EXERCISE = Only the pictures are to be omitted; everything else in the listing must be reproduced exactly.

EXTRACTED DATA =
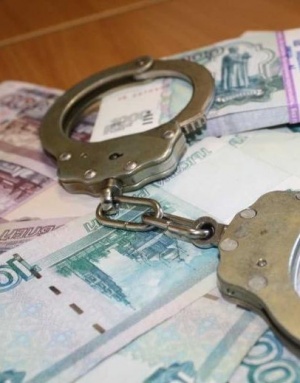 Судья Ильин, взявший 50 тыс. рублей за решение по делу, предстанет перед судом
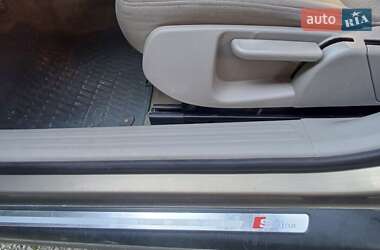 Универсал Audi A6 2008 в 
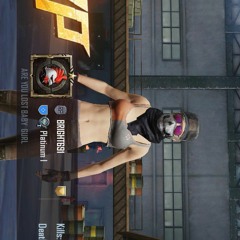 Leleioaioa Elias Aliksa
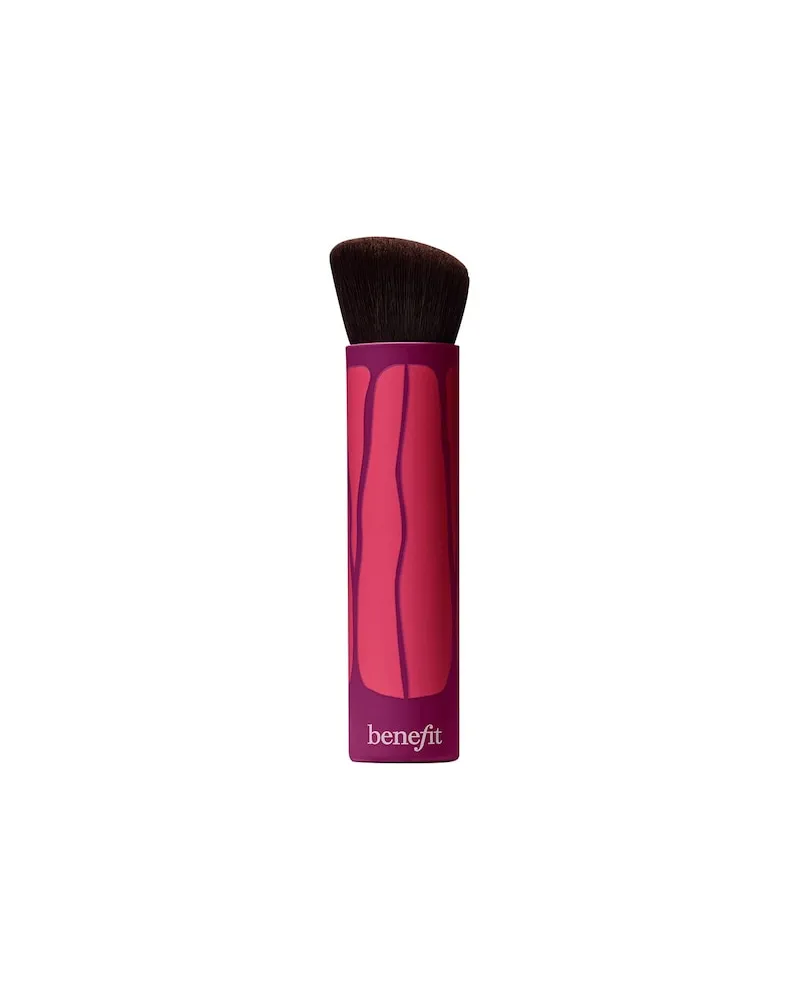 Benefit Beauty-Tools PinselHoola Wavemaker – Bronzing Balm Pinsel 35,75 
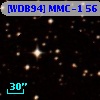 [WDB94] MMC-1 56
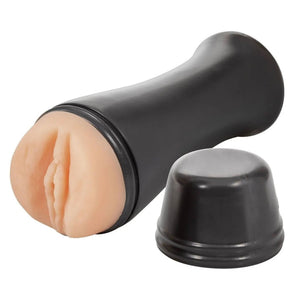 Original Vacuum Cup To Go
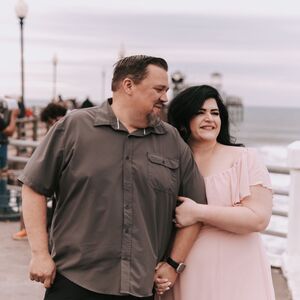 Gallery Photo 19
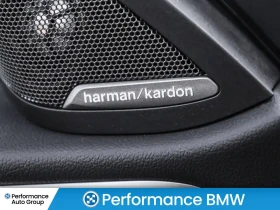 BMW i4 i4, снимка 17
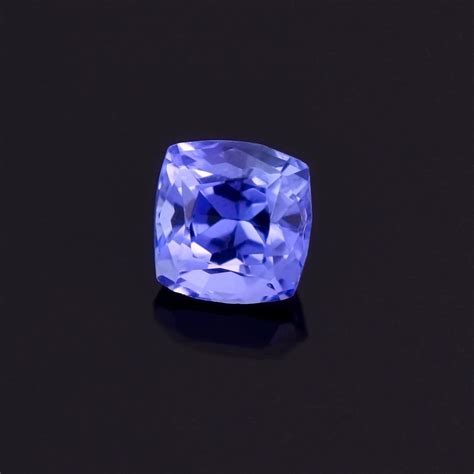 TANZANITA – SIRIUS GEMS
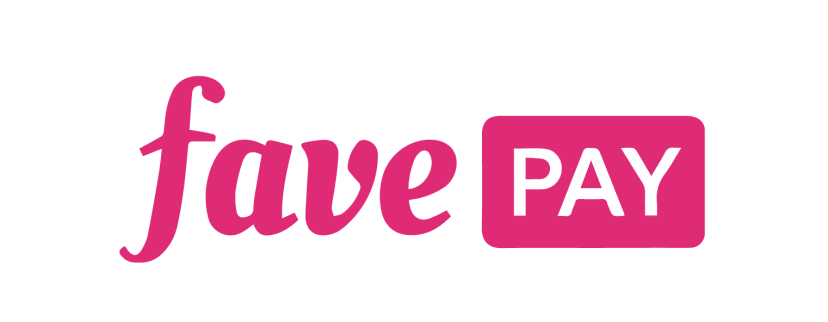 FavePay
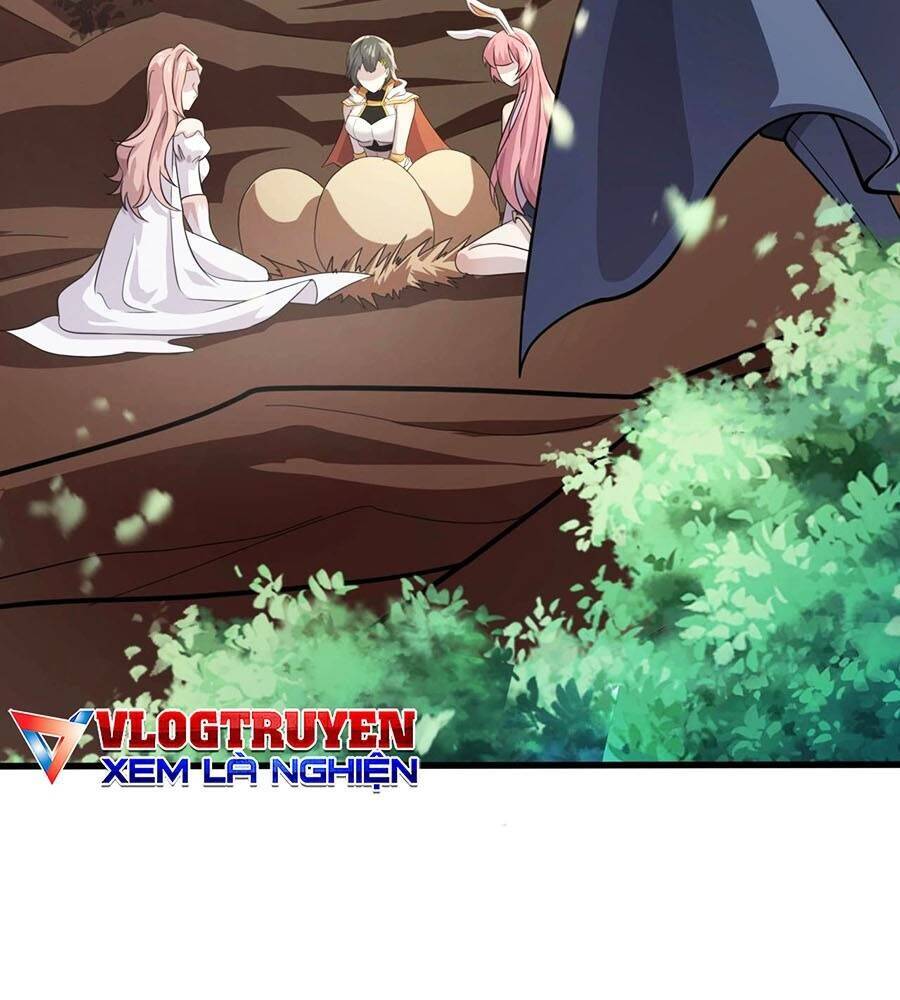 Chỉ Có Ta Có Thể Sử Dụng Triệu Hoán Thuật Chap 129 - Next Chap 130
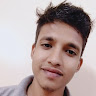 Tuhin Ahmed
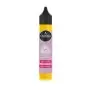 Renkli İnciler 551 Limon Sarı 25ML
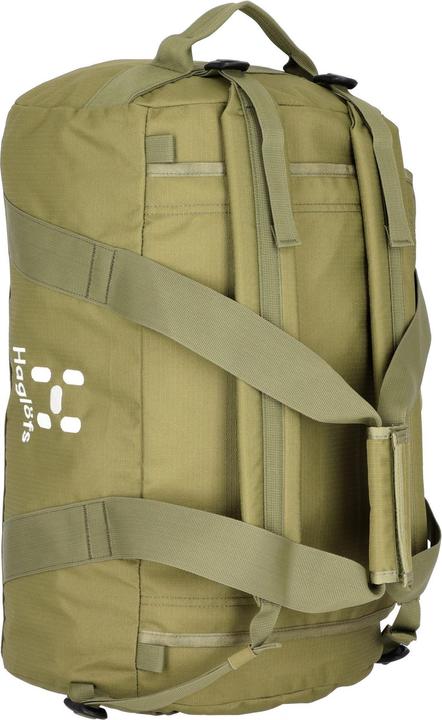Produktbild Haglöfs Fjatla 40 (40 l)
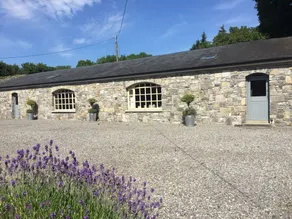 Clonalis House - Image 2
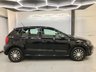USED 2015 15 VOLKSWAGEN POLO 1.0 S AC 5d 60 BHP Low Insurance+Tax - Huge Spec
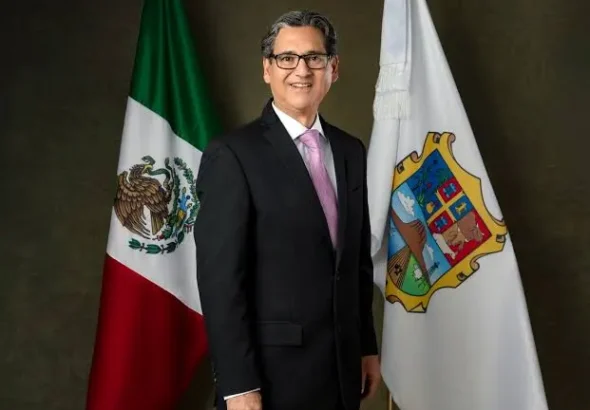 1 CORRUPCION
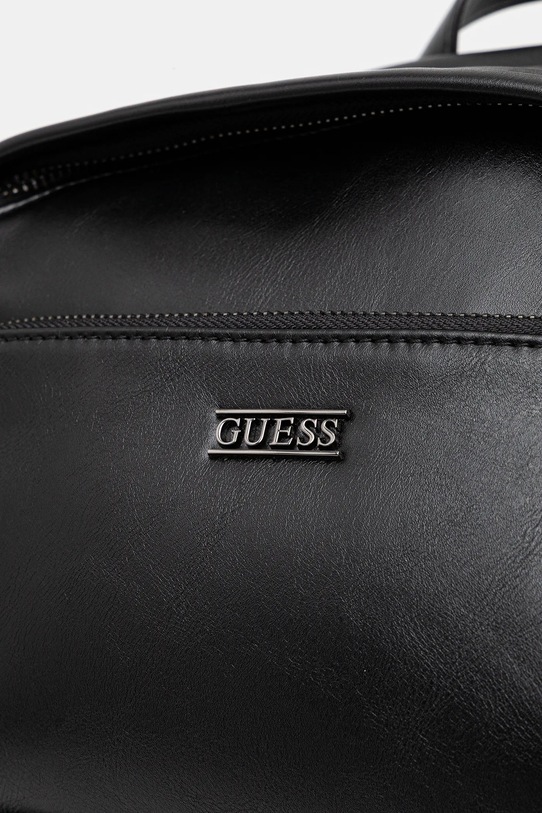 Guess rucsac BOSTON negru HMBOCA.P5342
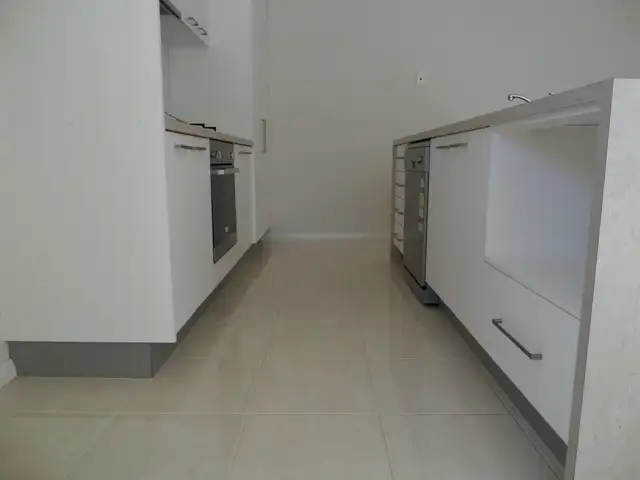 Fourth view of Homely house listing, 15 Castleton Street, Wodonga VIC 3690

OUTPUT FOR THIS EXERCISE =
 Судья Ильин, взявший 50 тыс. рублей за решение по делу, предстанет перед судом
 Универсал Audi A6 2008 в 
 Leleioaioa Elias Aliksa
 Benefit Beauty-Tools PinselHoola Wavemaker – Bronzing Balm Pinsel 35,75 
 [WDB94] MMC-1 56
 Original Vacuum Cup To Go
 Gallery Photo 19
 BMW i4 i4, снимка 17
 TANZANITA – SIRIUS GEMS
 FavePay
 Chỉ Có Ta Có Thể Sử Dụng Triệu Hoán Thuật Chap 129 - Next Chap 130
 Tuhin Ahmed
 Renkli İnciler 551 Limon Sarı 25ML
Produktbild Haglöfs Fjatla 40 (40 l)
 Clonalis House - Image 2
USED 2015 15 VOLKSWAGEN POLO 1.0 S AC 5d 60 BHP Low Insurance+Tax - Huge Spec
 1 CORRUPCION
 Guess rucsac BOSTON negru HMBOCA.P5342
 Fourth view of Homely house listing, 15 Castleton Street, Wodonga VIC 3690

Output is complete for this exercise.